## DATA BELOW

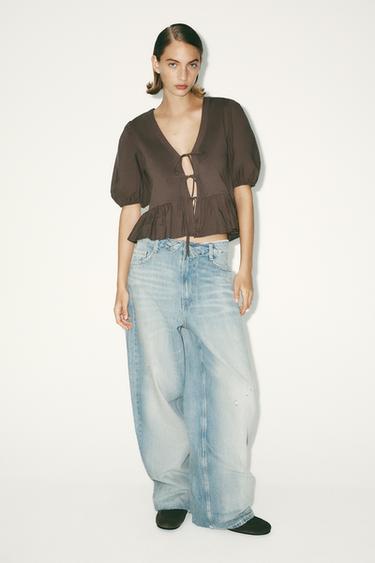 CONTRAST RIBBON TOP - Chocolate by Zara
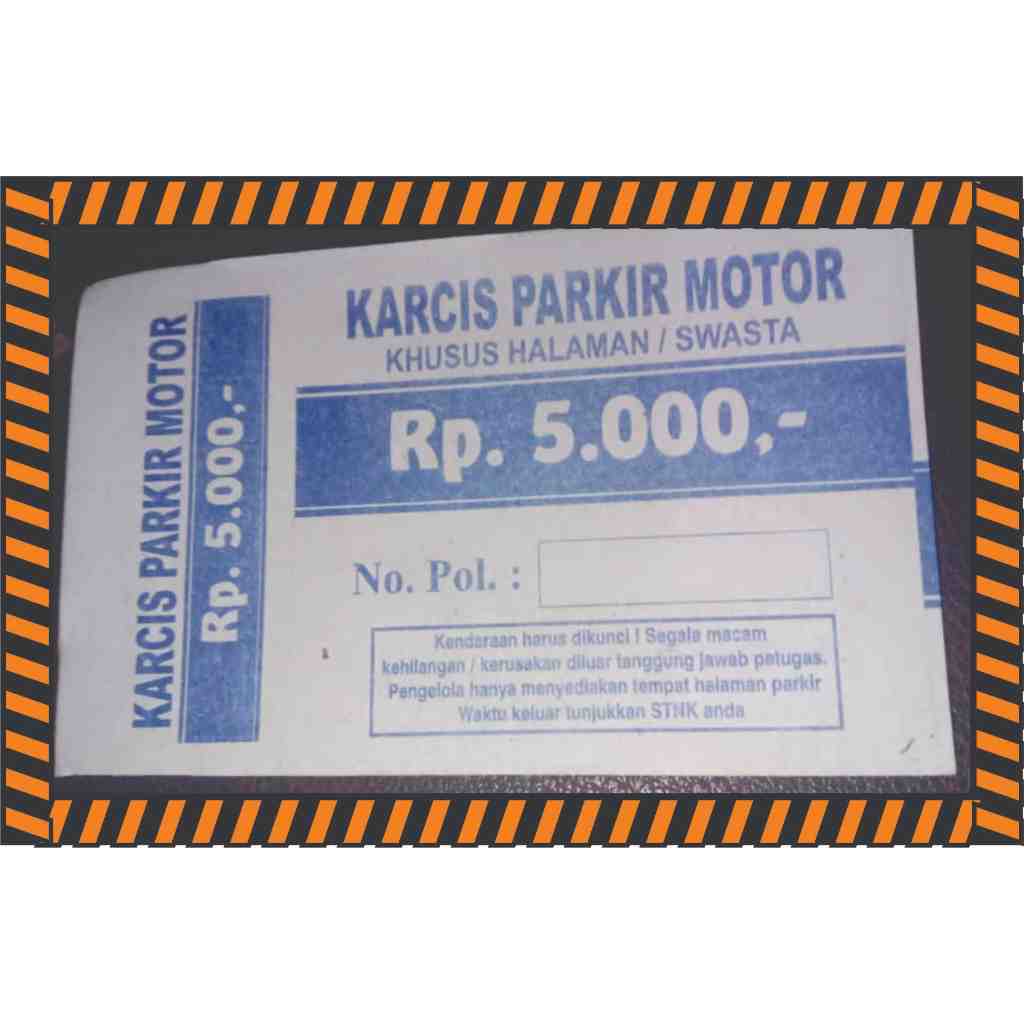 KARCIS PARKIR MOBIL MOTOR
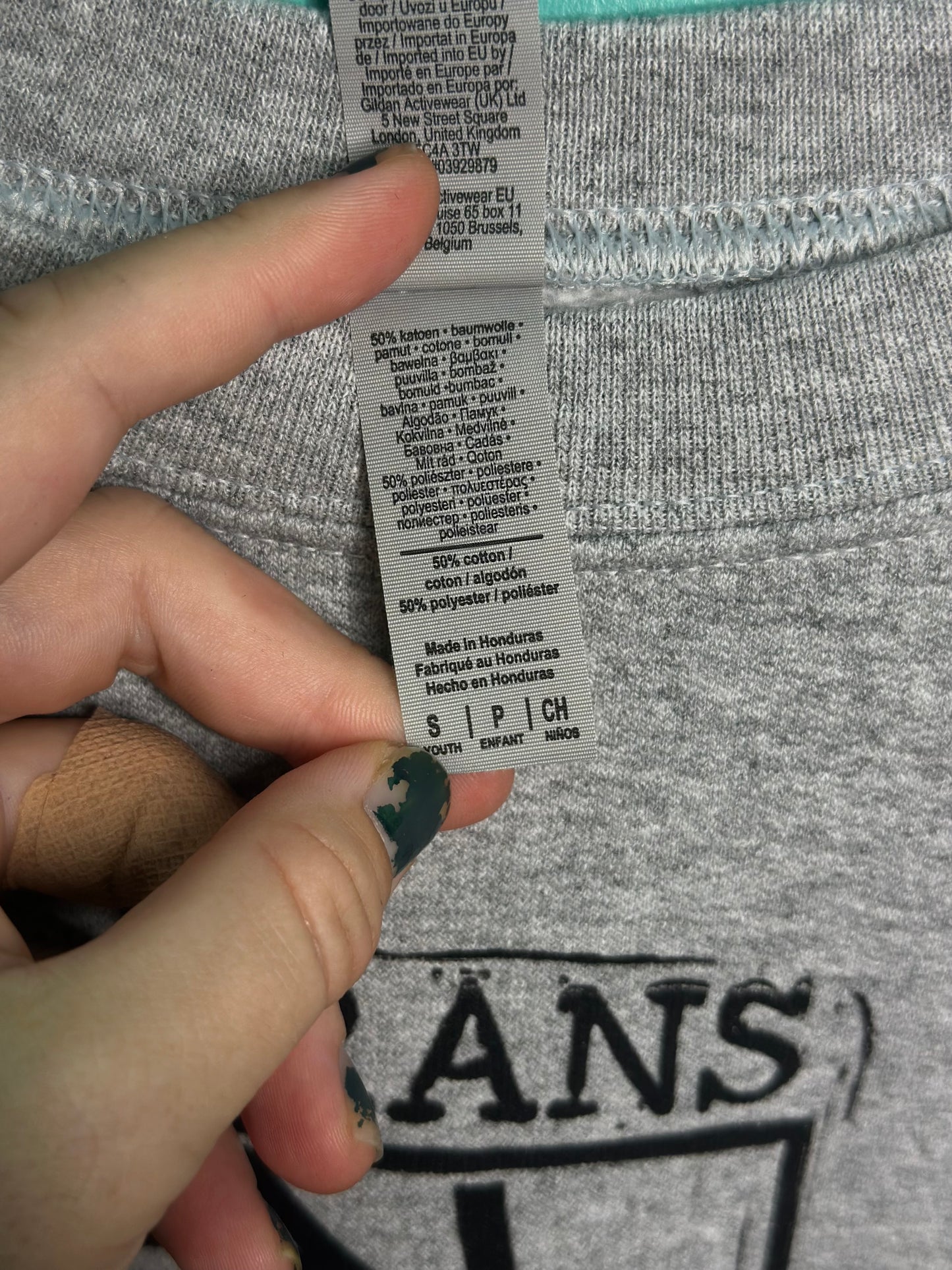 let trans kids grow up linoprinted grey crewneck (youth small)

## AIM OF THE EXERCISE
Take the line with "KARCIS PARKIR MOBIL MOTOR" and each line after it through the end of the material above, and reproduce them exactly, both ends included, without pictures.

## SOLVED EXERCISE
 KARCIS PARKIR MOBIL MOTOR
 let trans kids grow up linoprinted grey crewneck (youth small)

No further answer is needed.